Ano VII

Parte 8: Dois franceses

domingo out 28, 2012

Parte 8: Dois franceses: 38 Testemunhas e Imperdoável

Dois filmes franceses reforçam a ideia de que a cinematografia local vai mal das pernas. 38 Testemunhas, de Lucas Belvaux, fica no meio do caminho para uma interessante discussão, e Imperdoável carrega no título brasileiro sua própria condição.

Depois de uma trilogia bem irregular formada por Um Casal Admirável, Em Fuga e Acordo Quebrado, com cada filme explorando um gênero específico, e cujo ponto forte era justamente o terceiro, que tem um sequestro como espinha dorsal, Belvaux realizou o ótimo O Sequestro de um Herói, que mostra o trauma de um homem rico depois de ser sequestrado (Yvan Attal) e de ter voltado ao lar.

38 Testemunhas, com o mesmo Attal, explora uma questão ética: 38 pessoas testemunharam um cruel assassinato e nada fizeram para impedir; mantiveram-se no conforto de seus lares, protegidos por janelas com vistas panorâmicas, enquanto ouviam os gritos assustadores da vítima. Uma vez omissos, o que merecem? Será que a jornalista em busca da verdade não é tão nociva quanto esses 38 covardes?
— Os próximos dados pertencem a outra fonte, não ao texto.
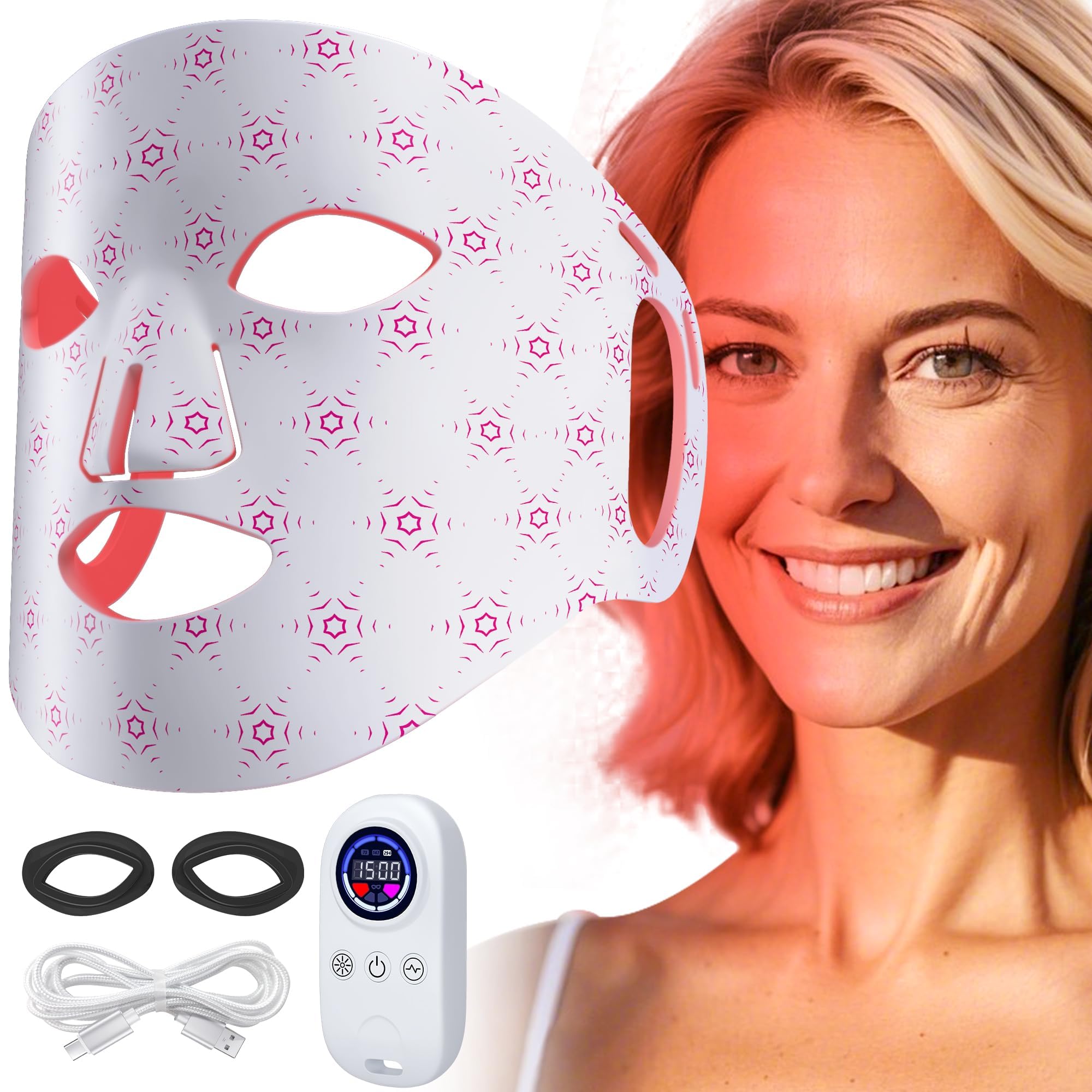 Red Light Mask for Face, Silicone Soft LED Face Mask with Remote, 660nm & 850nm Red Light Mask with Timing Function, Reduced Wrinkles, Anti-Aging, at Home (Grey)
Por que todos na cidade portuária de La Havre são tão frios, e ao mesmo tempo tão linchadores morais?

O filme de Belvaux tem certo cuidado no enquadramento, mas é preguiçoso na decupagem. Algumas cenas se resolveriam com maior força em menos planos, mas Belvaux insiste na fragmentação do registro, raramente conseguindo bom resultado, e tenta evocar Ozu ( e seus brilhantes pillow shots), ao mostrar imagens estáticas da Rua Paris, onde aconteceu o crime, e do porto, onde trabalham algumas testemunhas. O que resulta é um filme demasiado frio, monocórdico ao extremo, com fantasmas que parecem nunca terem sido pessoas anteriormente.
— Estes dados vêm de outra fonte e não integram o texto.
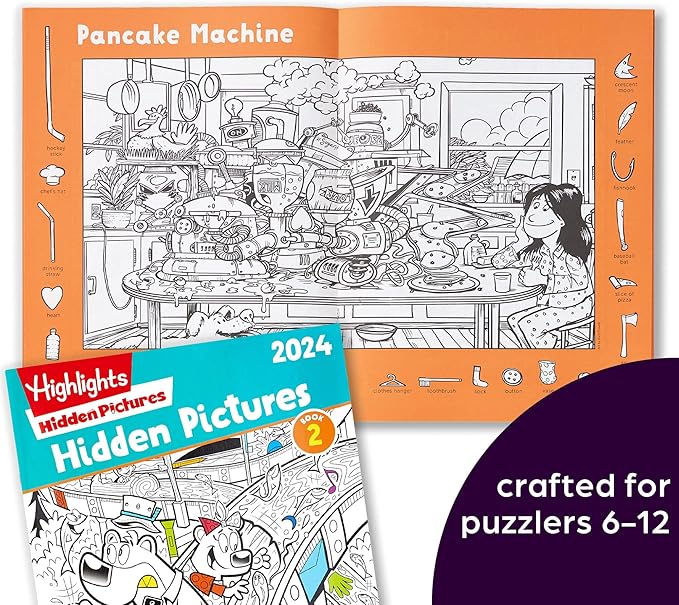 Highlights Hidden Pictures 2024 Activity Books for Kids Ages 6 and Up, 4-Book Set of Travel-Friendly Screen Free Seek and Find Fun, Books Double as Coloring Books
Sobre o novo de André Téchiné, cujo título perdeu o plural na tradução, talvez para não ser confundido com uma obra-prima, podemos dizer que é outro filme em que a inconsequência dos personagens, uma patologia do cinema francês desde os anos 1980, atinge picos insuportáveis. A toada, no entanto, é quase uniformemente soporífera, com música pobremente calcada em Michael Nyman e atores subaproveitados – principalmente André Dussolier, velho escritor ainda pimpão (comparado a Hemingway por causa de seu orgulho viril) e Carole Bouquet, que faz caras e bocas como uma versão feminina do David Bowie atual. Tem ainda uma homenagem meio boba a Adriana Asti, a musa de Antes da Revolução.

Téchiné sempre foi um diretor irregular com dois belos filmes: Rendez-Vous e Rosas Selvagens, e nada mais de notável. Com Imperdoável contribui miseravelmente para esse cinema francês insosso que domina os circuitos e festivais.